Death of a Bookstore

This post isn’t going to have anything to do with food. I feel like I should say so up front. I know this is my first post in quite a while, so I’ll throw in a little personal (i.e. mostly food-related) update at the end. The truth is, I’ve struggled with inspiration lately. I’ve been cooking as much as ever, but just haven’t been doing much worth writing & posting about. So leave it to something like a beloved bookstore closing to get me back at it.

I know that Borders is not a local, indie, or even small bookstore. Even the ones they’ve decided to close as they begin bankruptcy proceedings aren’t exactly home-y. The one in my hometown is, of course, no exception. But it was here before Barnes & Noble came to town, and while it did drive out one or two smaller home-grown shops, the truth (however sad) is that this was never a welcoming place for independent, chic bookstores, and so I never felt that Borders was doing the city’s cultural landscape much harm in drawing business to its big-box doors.

My love for this particular Borders store, as one might expect, comes from having spent so much time in it – in this case, as an employee. For a nerdy, bookish, music-snob type like me, it was the perfect gig.

I walked in for an interview for a job in the store’s café sometime in 2000. I met the assistant manager and followed her around as she shelved books, then she finally turned down one aisle (I wish I remember which section) where she found two stepstools and invited me to have a seat. A few minutes later, I had the job.

Working in the café, I quickly learned, was the lowest rung of the Borders ladder. I had enough food prep experience to get by, and quickly gained a few essential barista skills. I got to know the regulars, and made friends with my fellow lowly café employees. A guy named Tim was hired around the same time as I was, and we became good friends. In a few months we were both being asked to spend a couple of shifts a week in the rest of the store. Tim, I think, had started out with the same aspiration as I had – to work in the ultracool music section. And before long, we got to.

Naturally, people come and go in retail jobs. But there were a few faithful Borders folks who will always stand out in my mind. There’s Tim, of course. And Will was the music section manager who gave me my job back after I came back from England, later in 2001. There was Larry, the unofficial guardian of the music section. Dare looked after everyone like a mom (she and I now teach together, some 10 years later, and she’s just as wonderfully silly and smart as ever).

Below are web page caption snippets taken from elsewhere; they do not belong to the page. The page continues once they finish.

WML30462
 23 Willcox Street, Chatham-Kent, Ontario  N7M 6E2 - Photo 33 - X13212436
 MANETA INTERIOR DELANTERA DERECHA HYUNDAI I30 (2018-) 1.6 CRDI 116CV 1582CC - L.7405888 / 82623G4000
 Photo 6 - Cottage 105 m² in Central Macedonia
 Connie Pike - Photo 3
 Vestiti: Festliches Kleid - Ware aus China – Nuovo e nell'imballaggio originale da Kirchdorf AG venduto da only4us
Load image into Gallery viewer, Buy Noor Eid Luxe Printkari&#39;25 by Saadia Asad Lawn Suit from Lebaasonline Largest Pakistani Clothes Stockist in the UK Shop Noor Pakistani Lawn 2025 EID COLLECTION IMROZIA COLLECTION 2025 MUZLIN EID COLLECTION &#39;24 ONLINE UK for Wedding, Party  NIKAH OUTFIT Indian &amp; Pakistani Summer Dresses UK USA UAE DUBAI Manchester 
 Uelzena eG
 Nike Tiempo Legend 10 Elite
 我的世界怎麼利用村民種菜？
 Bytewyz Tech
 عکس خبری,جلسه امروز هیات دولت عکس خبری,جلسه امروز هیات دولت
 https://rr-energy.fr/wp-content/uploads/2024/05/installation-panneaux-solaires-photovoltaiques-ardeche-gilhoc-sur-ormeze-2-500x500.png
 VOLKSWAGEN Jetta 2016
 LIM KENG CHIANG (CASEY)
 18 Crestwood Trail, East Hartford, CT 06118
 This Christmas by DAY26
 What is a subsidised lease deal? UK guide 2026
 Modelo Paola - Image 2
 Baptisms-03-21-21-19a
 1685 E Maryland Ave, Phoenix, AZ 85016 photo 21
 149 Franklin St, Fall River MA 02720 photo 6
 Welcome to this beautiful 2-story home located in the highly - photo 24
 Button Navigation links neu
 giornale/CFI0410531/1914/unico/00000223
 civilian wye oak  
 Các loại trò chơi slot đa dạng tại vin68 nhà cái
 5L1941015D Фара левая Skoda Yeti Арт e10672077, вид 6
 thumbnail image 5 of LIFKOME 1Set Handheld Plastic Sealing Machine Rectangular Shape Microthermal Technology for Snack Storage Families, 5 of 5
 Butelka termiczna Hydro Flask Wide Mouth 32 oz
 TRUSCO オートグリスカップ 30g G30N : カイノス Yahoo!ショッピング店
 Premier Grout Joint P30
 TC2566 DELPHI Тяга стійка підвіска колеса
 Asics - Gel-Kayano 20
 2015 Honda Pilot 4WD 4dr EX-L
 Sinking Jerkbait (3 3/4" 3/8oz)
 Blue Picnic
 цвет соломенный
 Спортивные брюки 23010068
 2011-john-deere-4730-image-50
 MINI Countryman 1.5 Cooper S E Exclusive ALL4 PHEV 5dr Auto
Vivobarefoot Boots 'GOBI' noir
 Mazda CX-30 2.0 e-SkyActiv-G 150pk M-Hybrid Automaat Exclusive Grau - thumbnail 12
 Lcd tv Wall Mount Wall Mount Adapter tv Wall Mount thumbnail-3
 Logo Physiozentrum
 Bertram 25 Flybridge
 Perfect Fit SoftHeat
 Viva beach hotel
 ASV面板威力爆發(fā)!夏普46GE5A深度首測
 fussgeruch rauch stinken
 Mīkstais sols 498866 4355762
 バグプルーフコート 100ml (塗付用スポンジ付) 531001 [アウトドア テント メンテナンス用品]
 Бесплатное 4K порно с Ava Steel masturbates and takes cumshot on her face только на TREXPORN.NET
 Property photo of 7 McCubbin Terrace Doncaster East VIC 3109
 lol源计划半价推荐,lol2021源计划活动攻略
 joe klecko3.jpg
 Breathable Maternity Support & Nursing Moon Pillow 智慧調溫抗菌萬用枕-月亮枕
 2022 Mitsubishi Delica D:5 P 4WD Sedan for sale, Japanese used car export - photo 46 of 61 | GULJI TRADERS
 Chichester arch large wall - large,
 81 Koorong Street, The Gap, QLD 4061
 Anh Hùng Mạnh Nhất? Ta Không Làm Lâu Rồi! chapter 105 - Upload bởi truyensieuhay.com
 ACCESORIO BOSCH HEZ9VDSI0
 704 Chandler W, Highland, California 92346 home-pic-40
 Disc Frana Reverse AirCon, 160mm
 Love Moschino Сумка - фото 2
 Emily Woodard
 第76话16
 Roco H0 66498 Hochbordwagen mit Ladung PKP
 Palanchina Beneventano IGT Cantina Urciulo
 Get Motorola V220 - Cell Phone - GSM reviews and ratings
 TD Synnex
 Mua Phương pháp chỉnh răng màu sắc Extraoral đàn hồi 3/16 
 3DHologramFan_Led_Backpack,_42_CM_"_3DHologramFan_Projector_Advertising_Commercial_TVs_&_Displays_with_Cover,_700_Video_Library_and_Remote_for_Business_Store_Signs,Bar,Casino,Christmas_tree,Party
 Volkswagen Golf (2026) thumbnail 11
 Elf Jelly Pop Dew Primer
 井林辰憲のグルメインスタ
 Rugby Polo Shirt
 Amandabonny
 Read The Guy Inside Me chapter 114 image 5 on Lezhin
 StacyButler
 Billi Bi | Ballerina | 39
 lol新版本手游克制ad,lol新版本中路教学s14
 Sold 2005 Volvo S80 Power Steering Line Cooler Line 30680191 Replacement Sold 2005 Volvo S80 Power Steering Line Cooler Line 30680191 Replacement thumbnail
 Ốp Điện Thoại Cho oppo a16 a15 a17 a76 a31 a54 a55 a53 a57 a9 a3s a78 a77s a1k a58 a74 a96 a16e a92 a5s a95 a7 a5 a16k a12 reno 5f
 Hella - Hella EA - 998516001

Several people later went on to the hipper, local used bookstore. We had great managers, terrible managers, and one who was, tragically, gone too soon.

We did many Harry Potter midnight release parties, open mic nights in the café, and local author readings. We caught shoplifters, cleaned up their messes in corners and in bathrooms, and even chased a few on foot out of the store. We survived Christmas after Christmas, but then Christmases got less and less busy.. And, eventually, most of us moved on to other jobs, but kept drifting in from time to time to say hello. I think I probably wasn’t the only one who noticed the place looking thinner, emptier, and sadder on each visit.

My Borders started its final, everything-must-go sale this weekend. As I pulled into the parking lot I was immediately a little angry at how full the parking lot was. Where the hell were all these people six months ago? A year ago? I walked in and saw the clearance signs everywhere and people picking through all the shelves. The place looked like it could’ve made it, with all those people and with almost all the shelves still looking pretty full. But I knew it wasn’t true. I knew it was as good as gone. I walked around, bought a few heavily-discounted magazines, and left with my memories.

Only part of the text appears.